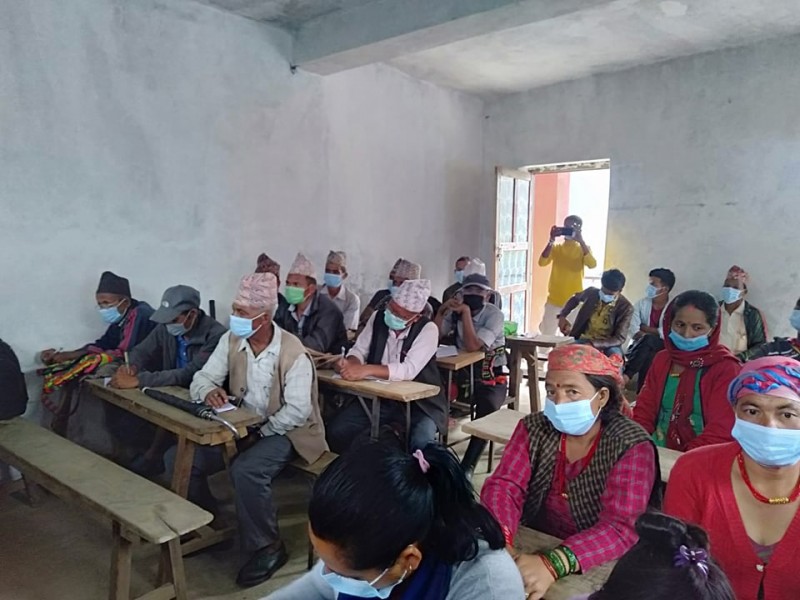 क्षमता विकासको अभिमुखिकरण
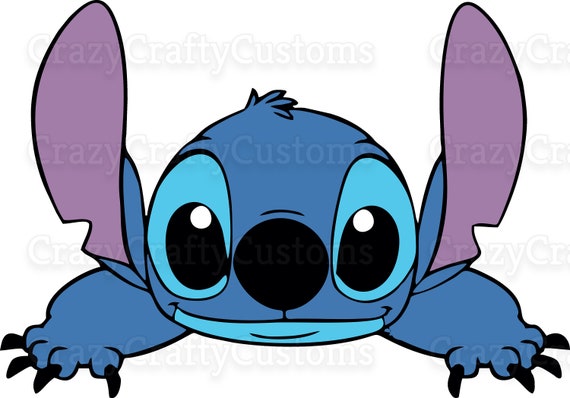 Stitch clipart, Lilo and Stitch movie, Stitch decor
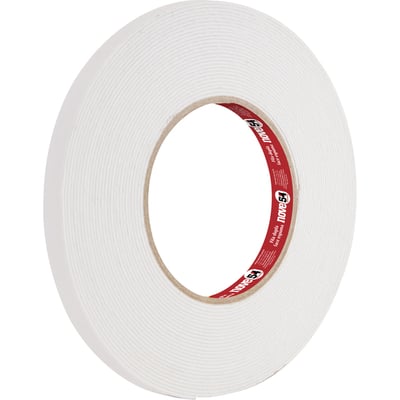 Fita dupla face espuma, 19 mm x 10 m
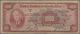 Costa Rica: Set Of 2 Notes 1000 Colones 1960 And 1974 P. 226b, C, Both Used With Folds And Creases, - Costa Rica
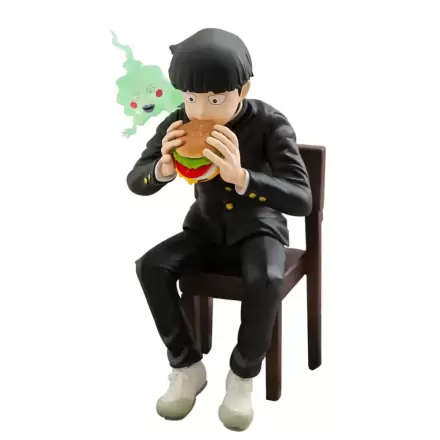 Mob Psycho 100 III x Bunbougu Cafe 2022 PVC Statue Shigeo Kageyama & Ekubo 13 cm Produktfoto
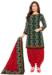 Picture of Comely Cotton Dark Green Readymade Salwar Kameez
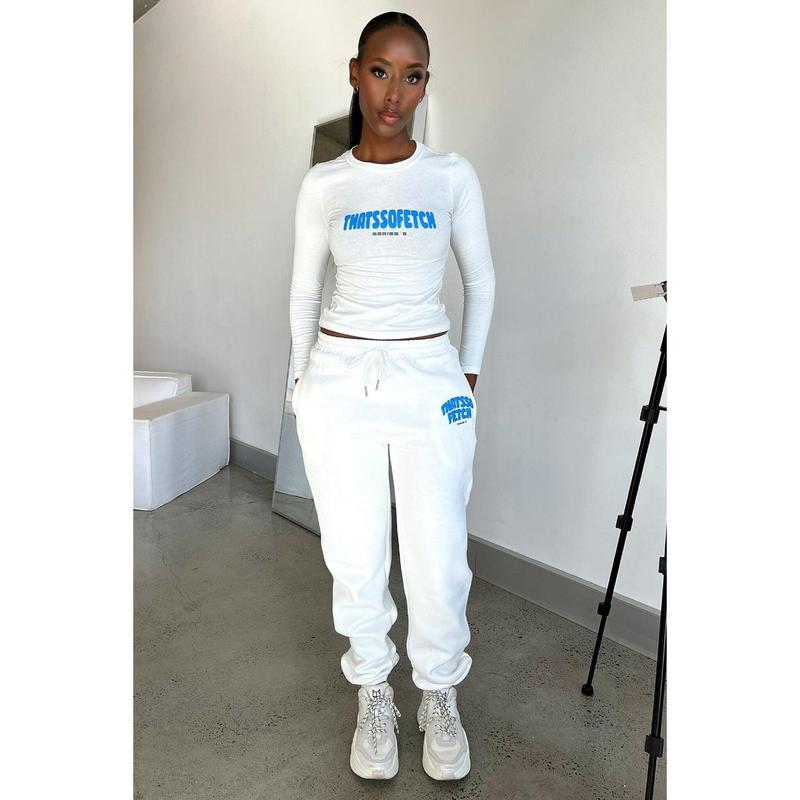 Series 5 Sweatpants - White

* * *

- EXERCISE BRIEF:
Repeat every record above exactly, but drop the pictures.

- SOLUTION FOR THIS PROBLEM:
 क्षमता विकासको अभिमुखिकरण
 Stitch clipart, Lilo and Stitch movie, Stitch decor
 Fita dupla face espuma, 19 mm x 10 m
 Costa Rica: Set Of 2 Notes 1000 Colones 1960 And 1974 P. 226b, C, Both Used With Folds And Creases, - Costa Rica
 Mob Psycho 100 III x Bunbougu Cafe 2022 PVC Statue Shigeo Kageyama & Ekubo 13 cm Produktfoto
 Picture of Comely Cotton Dark Green Readymade Salwar Kameez
 Series 5 Sweatpants - White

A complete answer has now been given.